Posted by admin On July 05, 2018 0 Comments

Back in September, our VP of Product Strategy, Russell Scibetti had the opportunity to share an editorial with the Sports Business Journal in their “From the Field of Marketing” section, titled “How teams can benefit from direct relationship with fans.” He decided to write the column after having conversations with multiple teams around how they compete with the secondary market.

While we agree that it’s important to be aware of the impact that this marketplace can have on variable and dynamic ticket pricing strategies, he wanted to reinforce a key point of differentiation in that teams needs to think beyond competing on a transactional level and focus on leverage their true competitive advantage, the direct relationship with fans.

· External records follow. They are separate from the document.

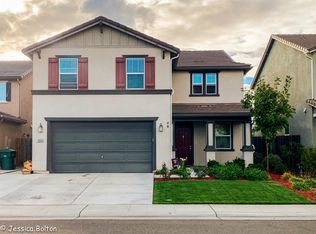 9558 Cherry Grove Cir, Sacramento, CA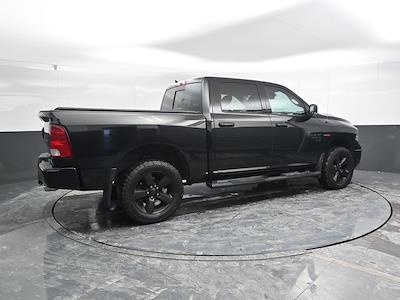 Used 2019 Ram 1500 - photo 1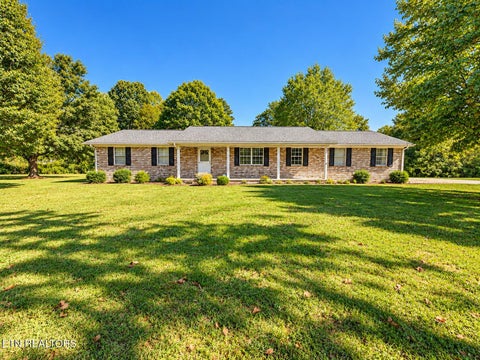 Photo of 7830 Washington Pike, Corryton, TN 37721 (MLS # 1357333)
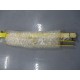 173K456G01 Carrier & Conveyor Belt Support - New No Box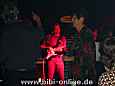 mike weigand, bauchnabel, kai jäger, gitarren, solo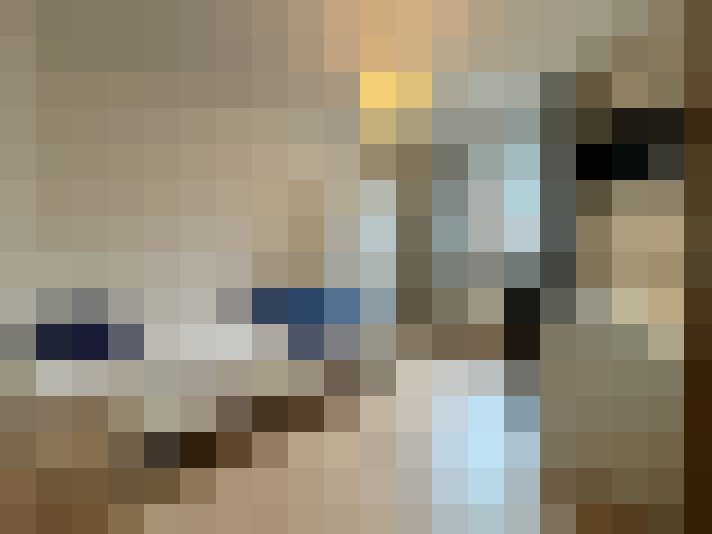  / #18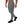 Load image into Gallery viewer, Men&#39;s Epic Joggers (Steel Yard)
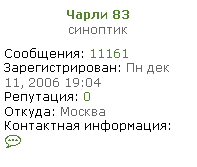 Чарли93, синоптик.png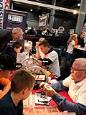 IMG 36141 (Small)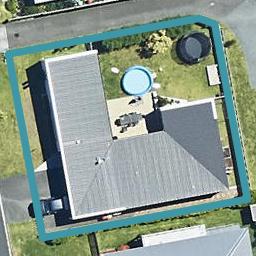 4 Inlet Views, Bethlehem, Tauranga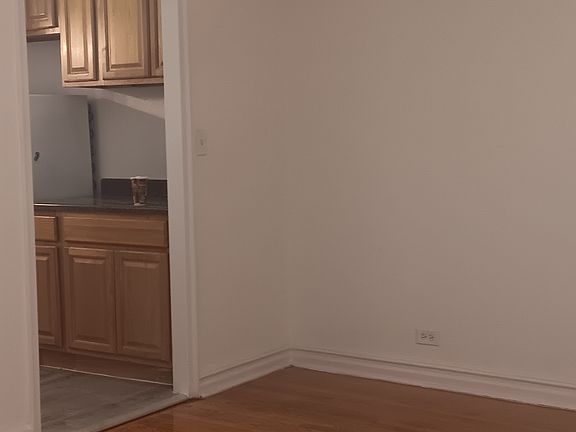 5th image of 6981 108th St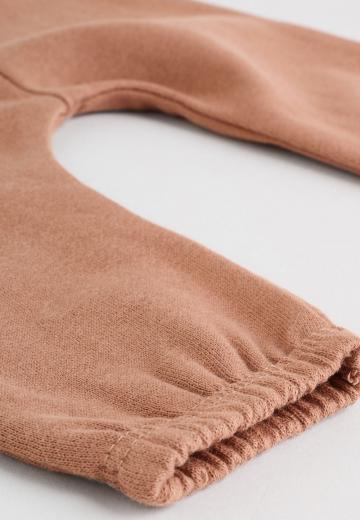 Набор одежды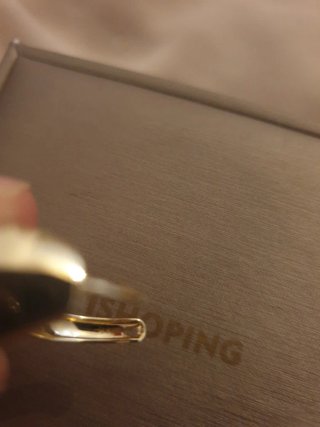 Pendientes Oro 18k con Circonitas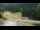 Webcam in Ax-les-Thermes, 3.9 km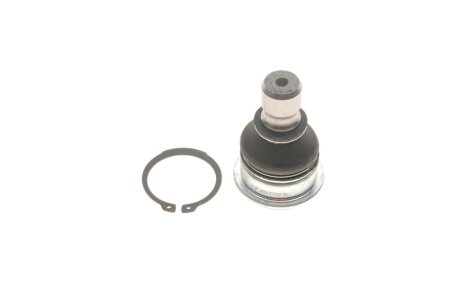 Опора кульова NISSAN QASHQAI, X-TRAIL, RENAULT KOLEOS 03-перед. міст низ C.I.U SKF VKDS 812007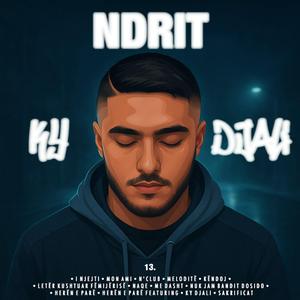 NUK JAM BANDIT DOSIDO 2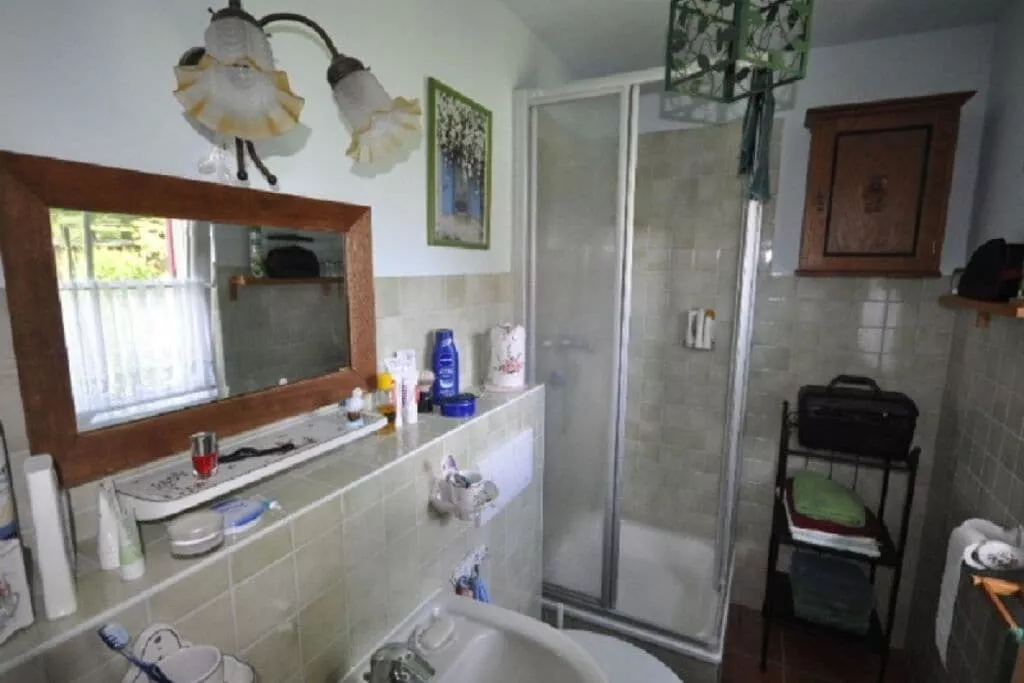 199823-Badezimmer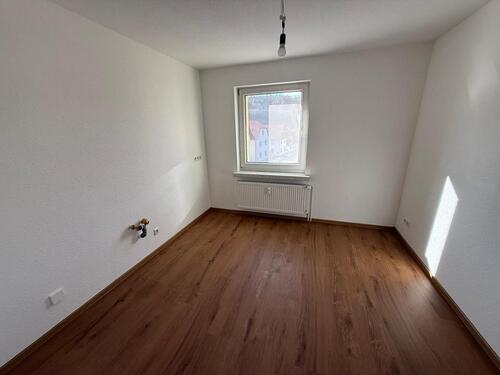 Foto - 5 Zimmer Etagenwohnung zur Miete in Unterbreizbach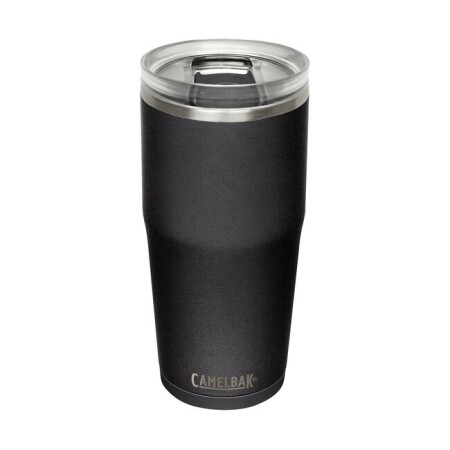 CAMELBAK Thrive™ Bardak 900 ml - 8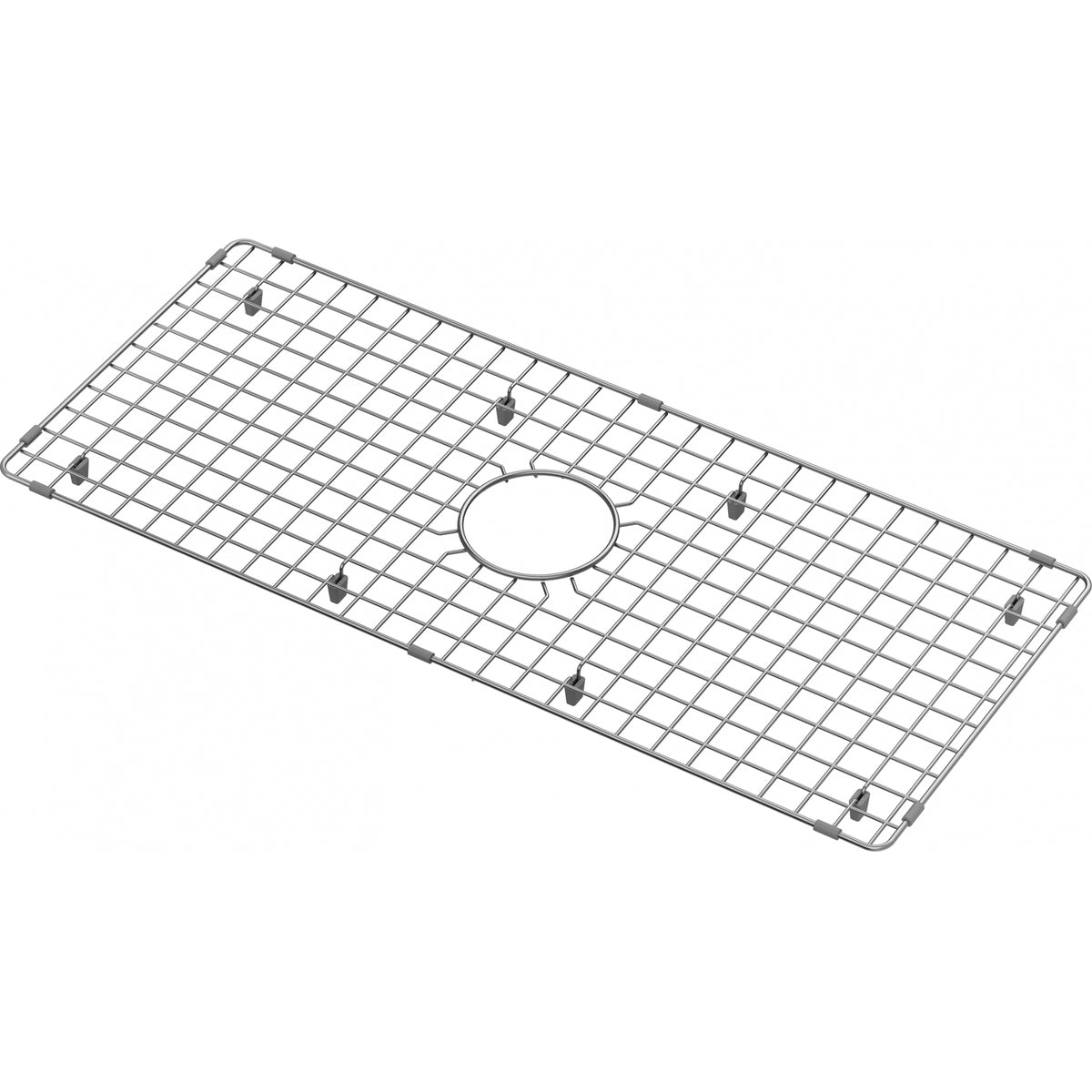 Franke Bottom Grid EP36-36S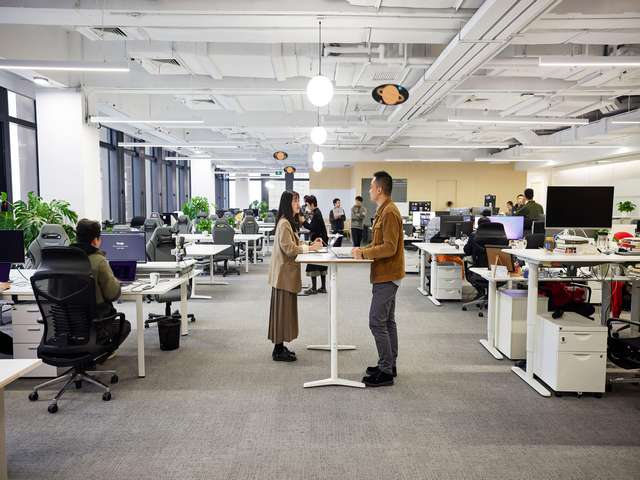 浙江别墅保洁价格表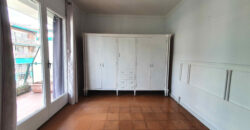 PENÚLTIMA planta con VISTAS y TERRAZAS en Passeig San Joan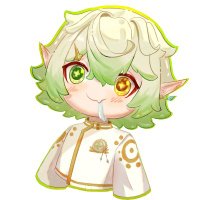 Thienk (@thienk0912) 's Twitter Profile Photo Thienk (@thienk0912) 's Twitter Profile Photo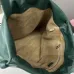 Loewe Luxury bags for men | Designer Handbags #B49946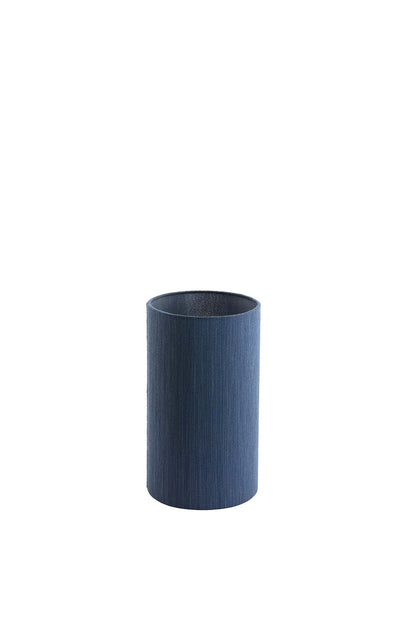 cilindervormige-lampenkap-donkerblauw-light-living-harper-variant-image5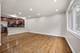 1715 W Thome, Chicago, IL 60660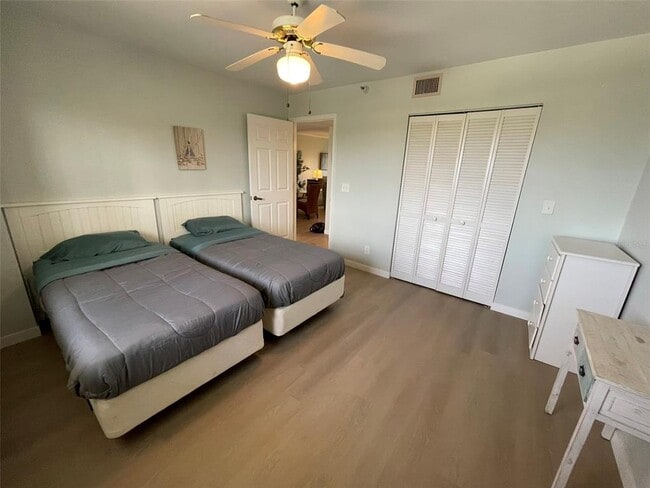 Building Photo - 2320 Terra Ceia Bay Blvd
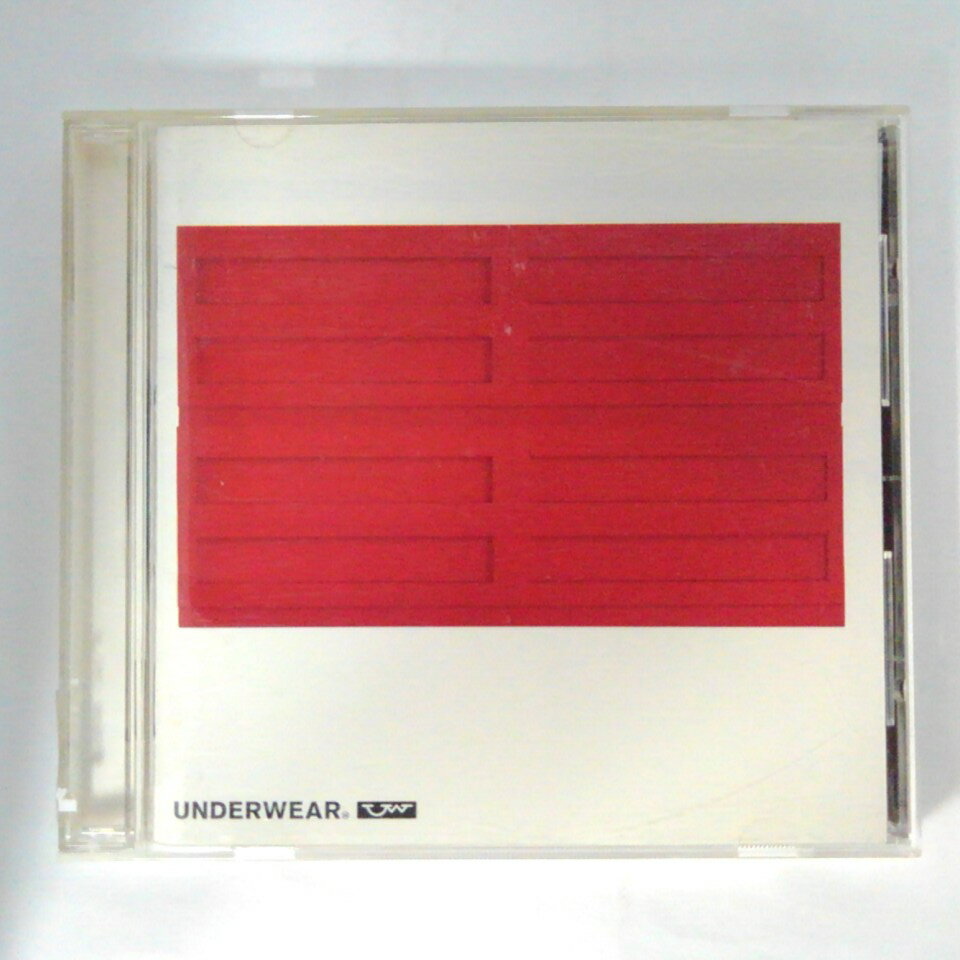 ϥåԡӥǥ㤨ZC14499šۡCDUNDERWEAR/Ƿ NORIYUKI MAKIHARAפβǤʤ100ߤˤʤޤ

Here is a small sample from the article:

The most important asset a team has is the direct relationship with its passionate fans, with extra emphasis on “direct” (it appears eight times in this article for a reason). Teams cannot rely on broadcast channels to handle the relationship building. Ratings can tell teams how many people are watching or listening to games, but one-on-one conversations and interactions tell 100 times more. These are the data points, even more so than ticket prices, that will drive sales and retention. The fan’s favorite player, the time they got to meet him at training camp, when their team won in overtime on her birthday, the look on his child’s face at her first game, that time the team tweeted back to him … the value of this emotional capital that they have direct access to is immeasurable.

The piece goes into much more detail, drawing parallels to price-based competition in other industries, sharing relevant metrics courtesy of Turnkey Intelligence and featuring examples and quotes from executives at the Atlanta Falcons and Oklahoma City Thunder. I hope this can be a helpful reminder in the new year that relationship-driven marketing is the most sustainable strategy against the secondary market — “let them sell tickets while you sell your fans so much more.”